## AVAILABLE DATA:

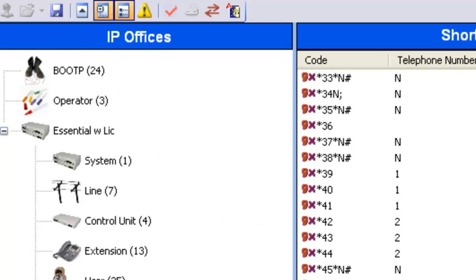Now, what will happen is, when you dial 5, followed by the extension number, it's going to force the speakerphone on at the other station and create a hands-free intercom.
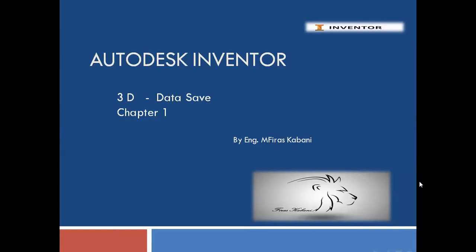Hi, in this chapter we'll speak about data save and how we can save data in Inventor and which shape we have.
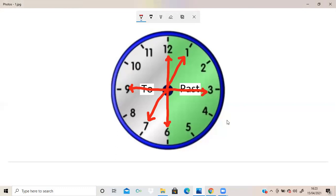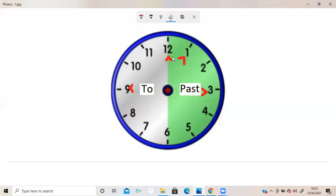If you want to learn to read the clock time, the first thing you need to focus on is the minute hand — where it is pointing. If you know where the minute hand is, then you can easily give the clock time. So it is very, very important to learn which number the minute hand is pointing at. Let's go to the next page to help us learn the clock time.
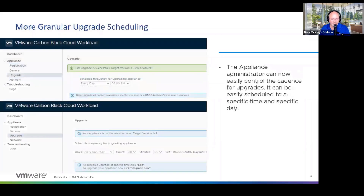The next thing we've done is add some granularity to the upgrade scheduling. You can see at the top this is from a 1.0.2 appliance where I could select a day and an hour, and down below now I can select days, hours, and minutes in terms of upgrading. That may not seem like a lot unless you have many appliances in your environment and you want to cycle through that whole upgrade process.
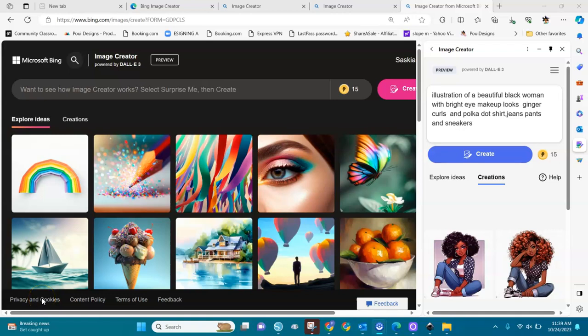Hello everyone, welcome back to AI Streets. We are in Bing today — Bing from Microsoft — and in Bing you can create images powered by DALL-E, just like you see here. That DALL-E tree, like a version tree, and you can create images in there.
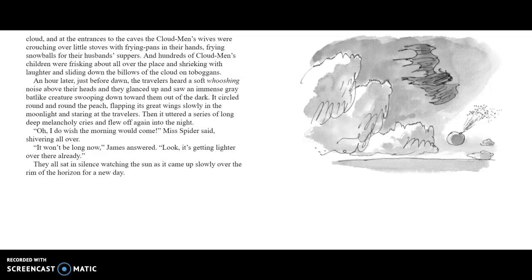An hour later, just before dawn, the travelers heard a soft whooshing noise above their heads, and they glanced up and saw an immense gray bat-like creature swooping down toward them out of the dark. It circled around the peach, flapping its great wings slowly in the moonlight and staring at the travelers. Then it uttered a series of long, deep, melancholy cries and flew off again into the night. "Oh, I wish the morning would come," Miss Spider said, shivering all over. "It won't be long now," James answered. "Look, it's getting lighter over there already." They sat in silence watching the sun as it came up slowly over the rim of the horizon, for a new day.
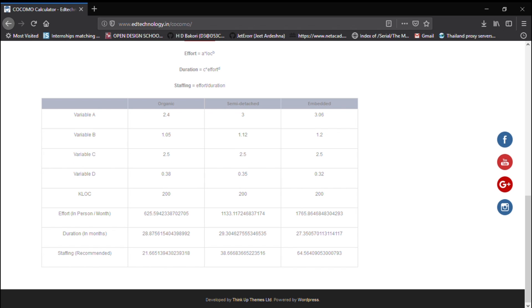So when I press calculate you can get values of different types of project considering that if 200 lines of code has organic so you would need this much of effort, duration and staffing. If it is semi-detached the values vary and so on. So you can always check this calculation and verify using the video.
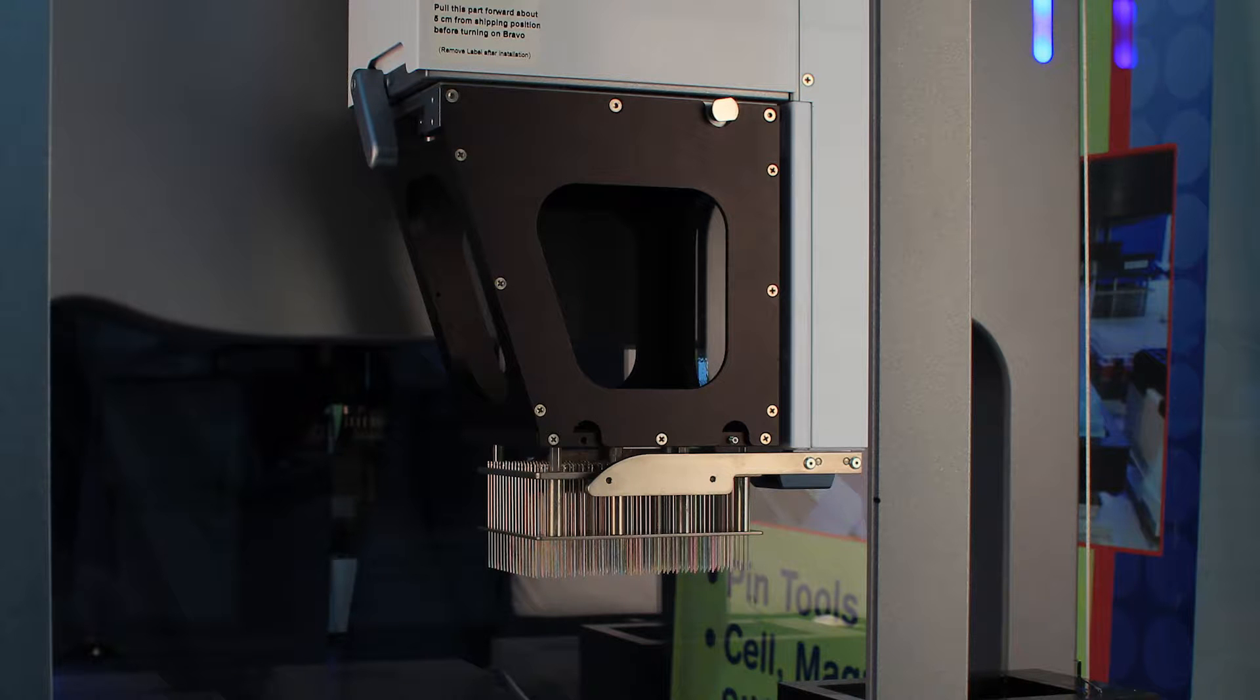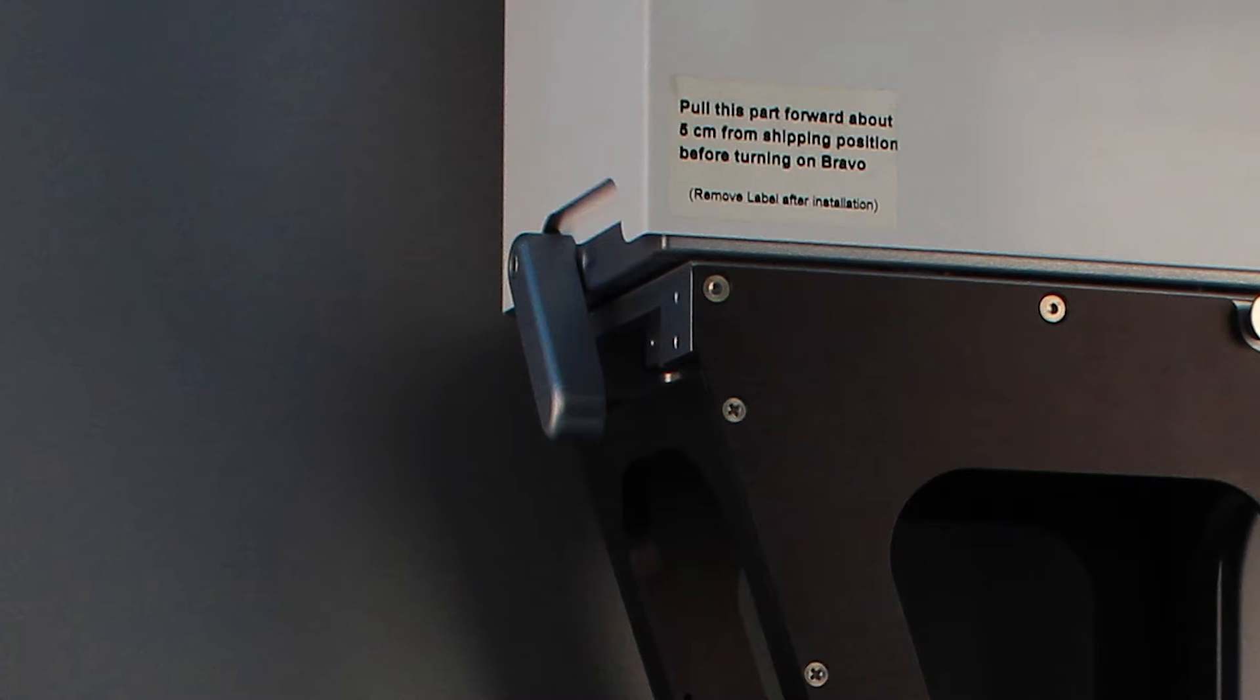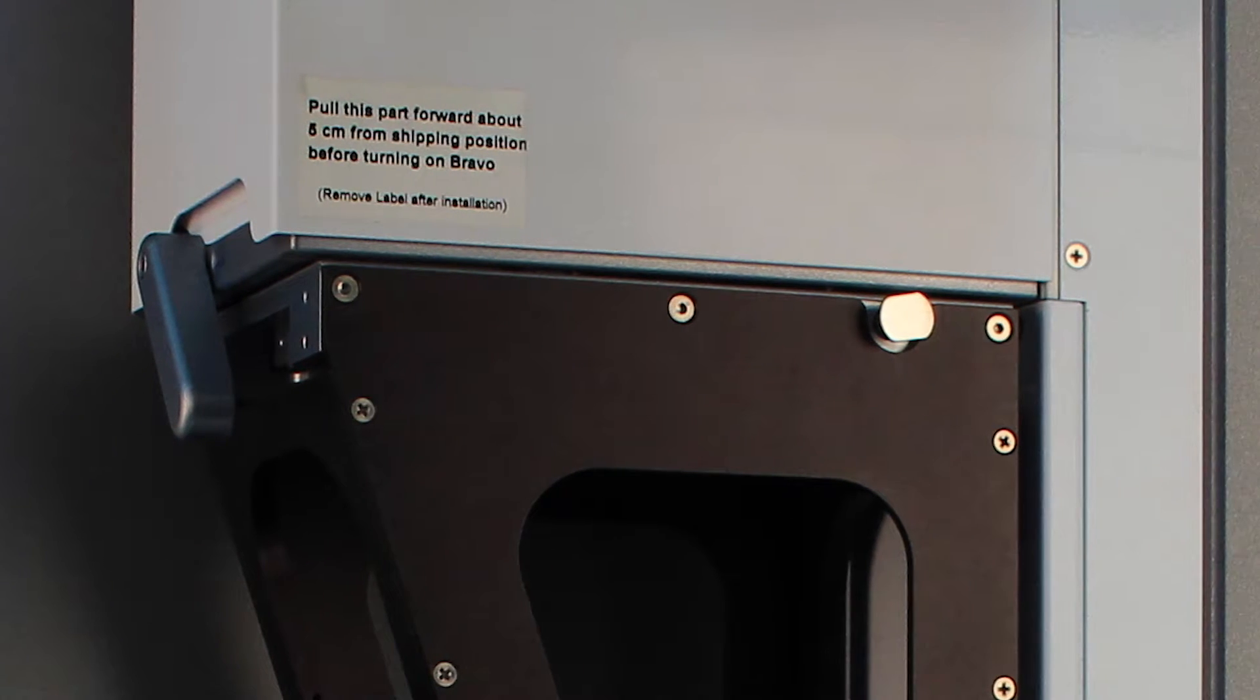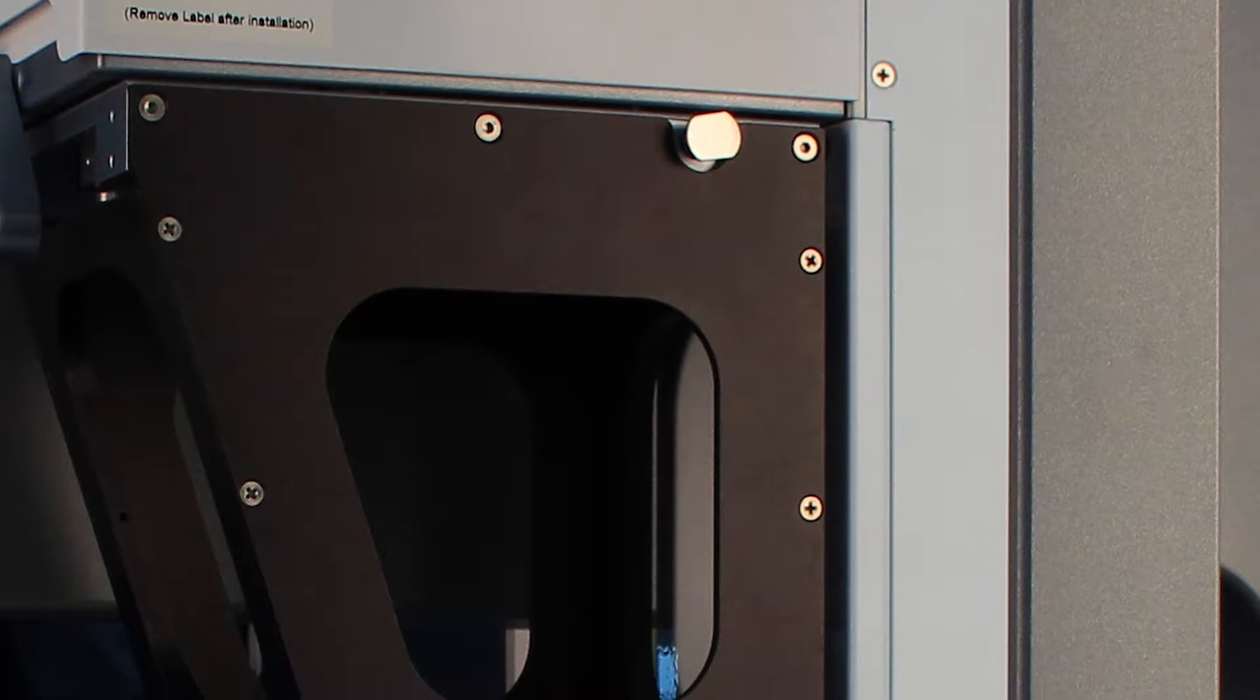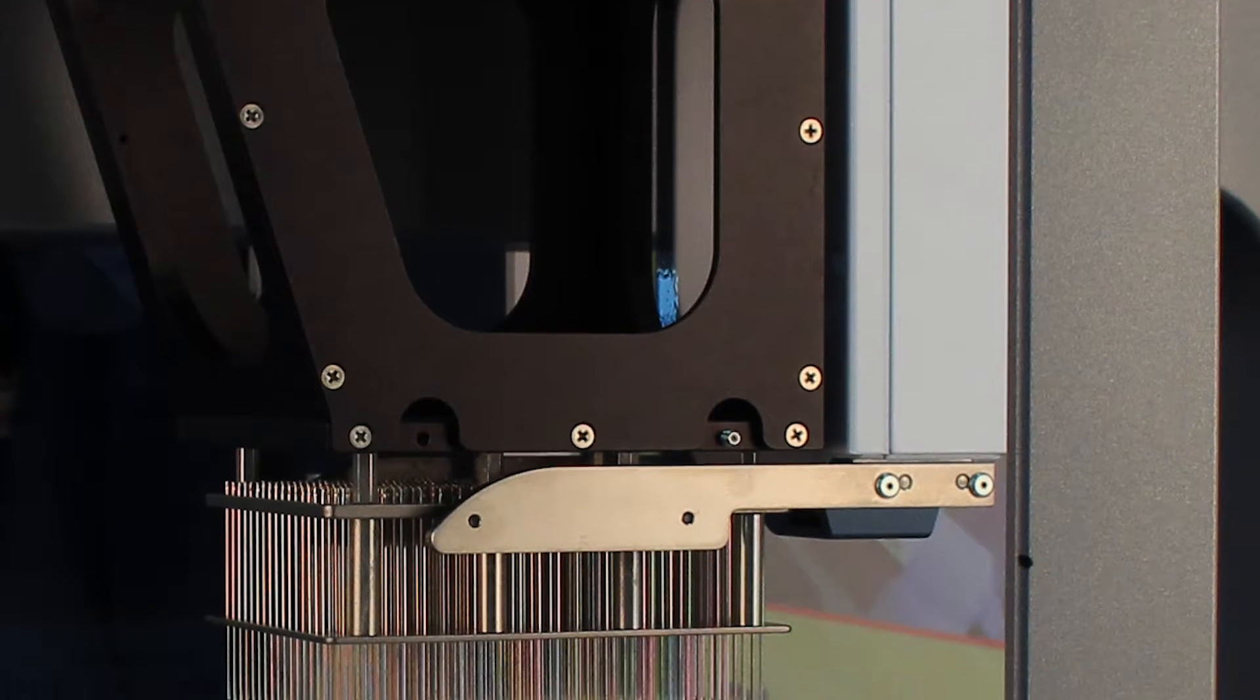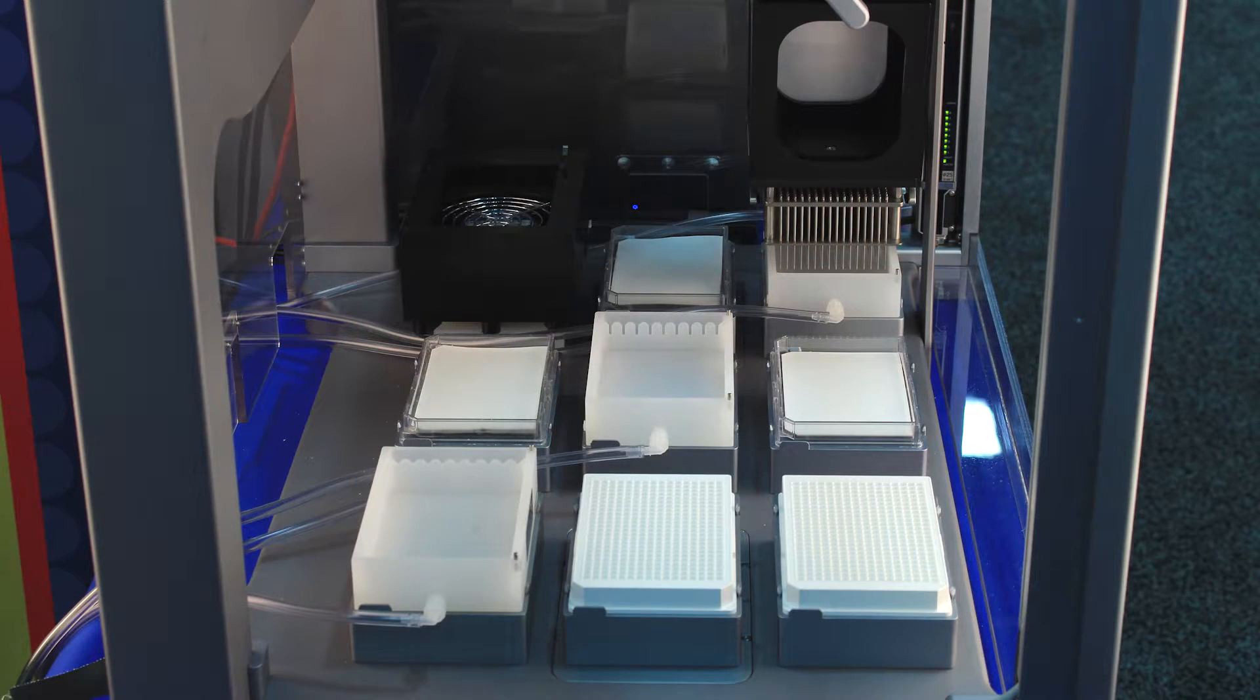The pin tool is mounted to the head using VMP's mounting hardware. A typical configuration consists of several wash accessories as shown here on the Bravo deck.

## YOUR TASK:
Write out exactly the lines above between the one with "If you want" and the one with "Hello everyone, welcome", inclusive, with pictures left out.

## TASK RESULT:
If you want to learn to read the clock time, the first thing you need to focus on is the minute hand — where it is pointing. If you know where the minute hand is, then you can easily give the clock time. So it is very, very important to learn which number the minute hand is pointing at. Let's go to the next page to help us learn the clock time.
The next thing we've done is add some granularity to the upgrade scheduling. You can see at the top this is from a 1.0.2 appliance where I could select a day and an hour, and down below now I can select days, hours, and minutes in terms of upgrading. That may not seem like a lot unless you have many appliances in your environment and you want to cycle through that whole upgrade process.
Hello everyone, welcome back to AI Streets. We are in Bing today — Bing from Microsoft — and in Bing you can create images powered by DALL-E, just like you see here. That DALL-E tree, like a version tree, and you can create images in there.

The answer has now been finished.